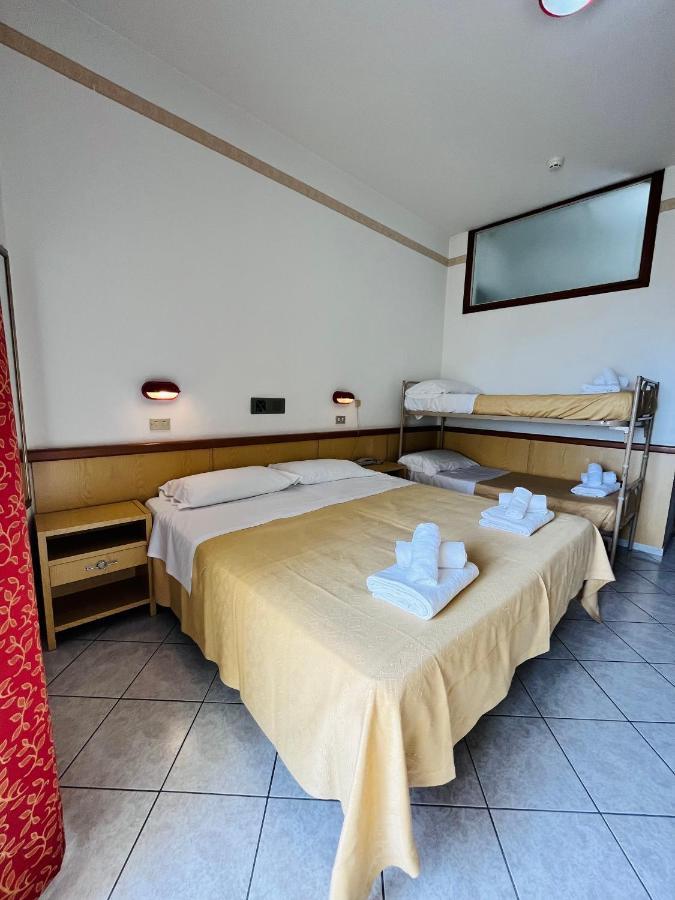Hotel Columbia Frontemare Rimini Dış mekan fotoğraf
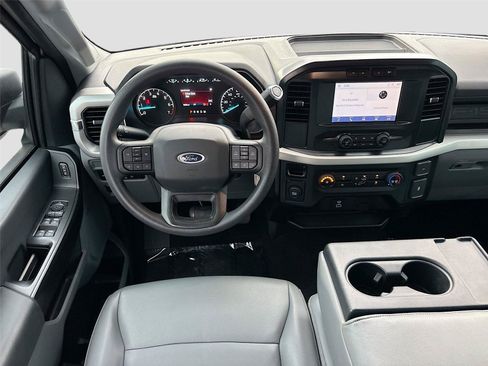 Used 2022 Ford F150 XL w/ Equipment Group 101A High RWD image 23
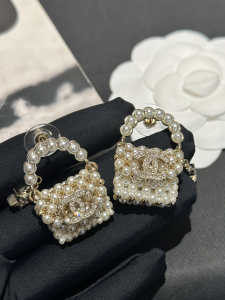 Chanel Crystal CC Pearls Purse Earrings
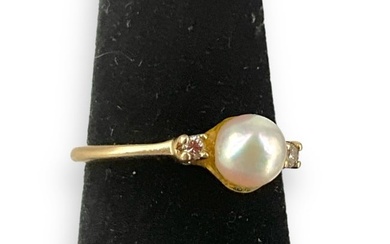 14kt Yellow Gold and Pearl Ring with Diamonds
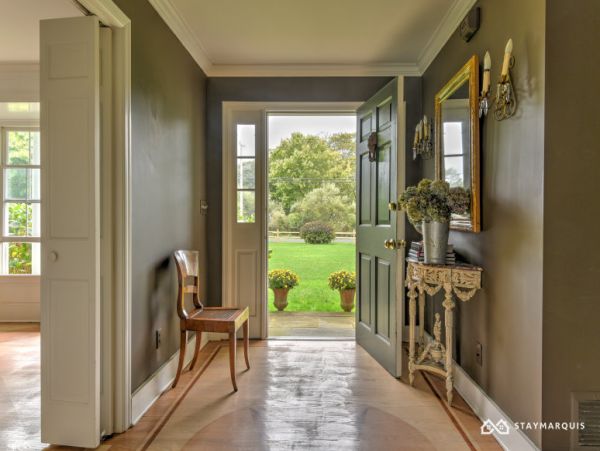 Hamptons Home 1020344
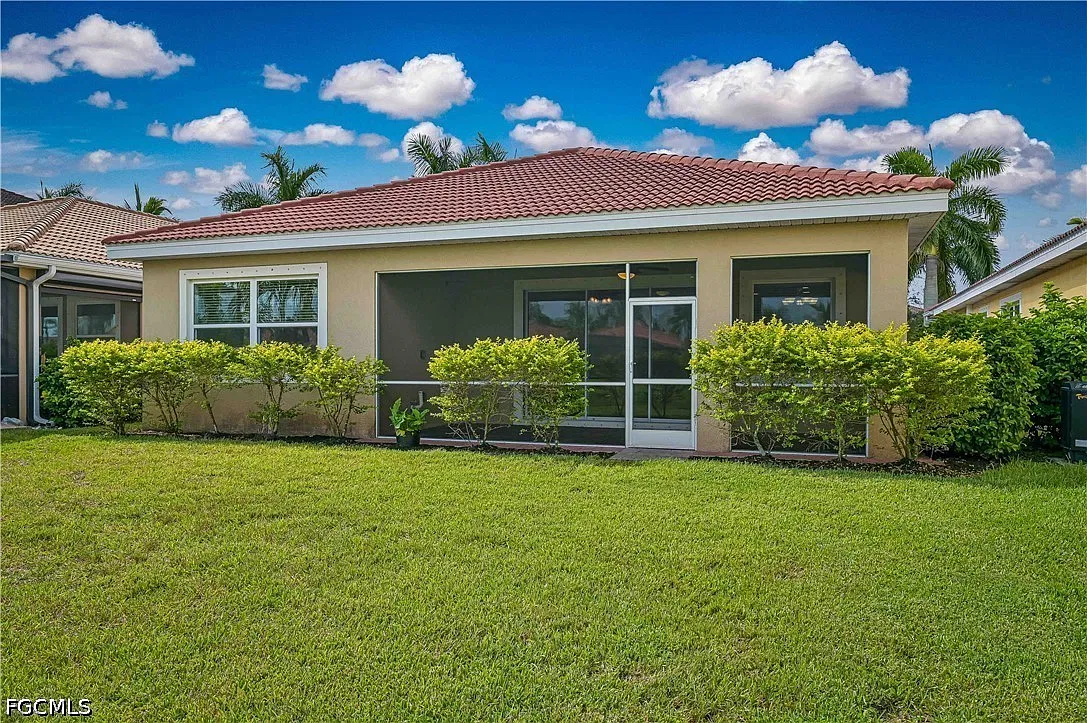 4 bed, 2.0 bath, 1983 sqft, $2,600 — Photo 2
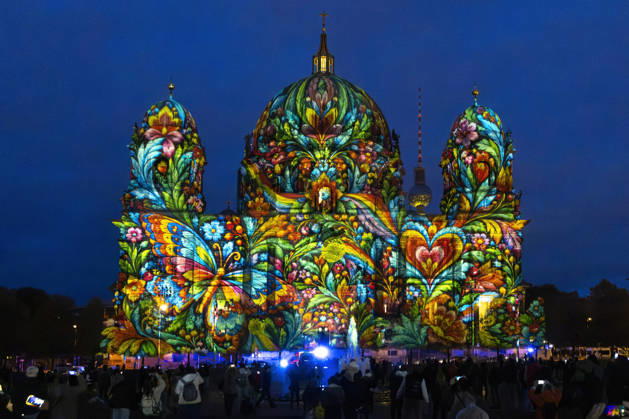 Festival of Lights , Lichterfest in der Innenstadt, Berlin, 10.10.2026 Berliner Dom, 22. BERLIN FESTIVAL OF LIGHTS, Motto: Colours of Love, Lichtinstallationen, 11.10.2026, Berlin, Deutschland < english> Berlin Cathedral, 22nd Berlin Festival of Lights, theme: Colours of Love, light installations, October 11, 2026, Berlin, Germany Berlin Innenstadt Berlin Deutschland, Germany Copyright: xPeterxEngelkex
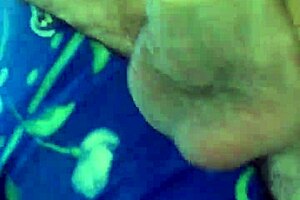 Shaved Hairless Body in Teub Scene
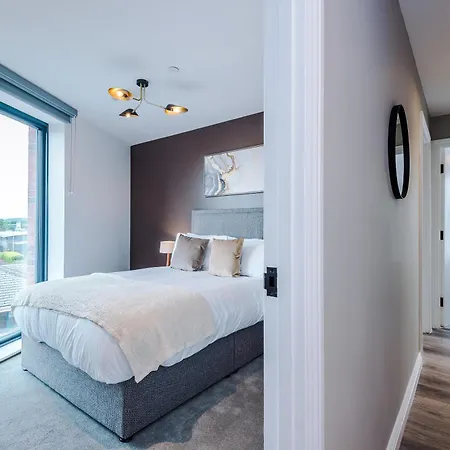 3 Bed Flat - Centre - Free Parking 公寓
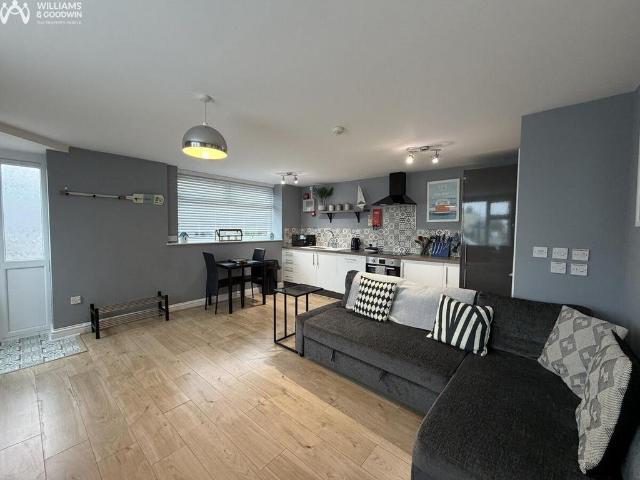 Station Road, Rhosneigr, Anglesey, LL64 1 bed flat to rent £800 pcm £185 pw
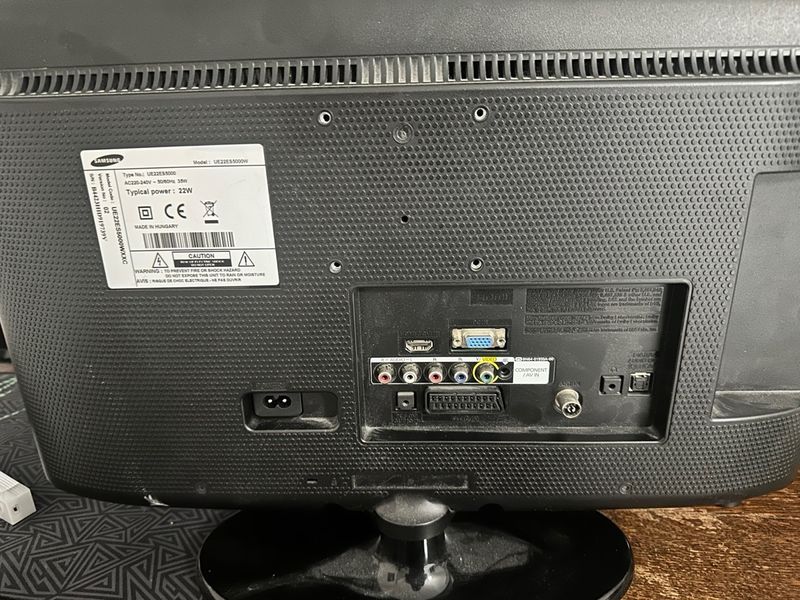 Samsung TV 22 Negro/Rojo afbeelding 3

________________________________________

Both the line containing "Festival of Lights , Lichterfest" and the last line of the listing above belong in the copy, along with every line between them; retype them exactly and omit the pictures.

*THE ANSWER*
 Festival of Lights , Lichterfest in der Innenstadt, Berlin, 10.10.2026 Berliner Dom, 22. BERLIN FESTIVAL OF LIGHTS, Motto: Colours of Love, Lichtinstallationen, 11.10.2026, Berlin, Deutschland < english> Berlin Cathedral, 22nd Berlin Festival of Lights, theme: Colours of Love, light installations, October 11, 2026, Berlin, Germany Berlin Innenstadt Berlin Deutschland, Germany Copyright: xPeterxEngelkex
 Shaved Hairless Body in Teub Scene
 3 Bed Flat - Centre - Free Parking 公寓
 Station Road, Rhosneigr, Anglesey, LL64 1 bed flat to rent £800 pcm £185 pw
 Samsung TV 22 Negro/Rojo afbeelding 3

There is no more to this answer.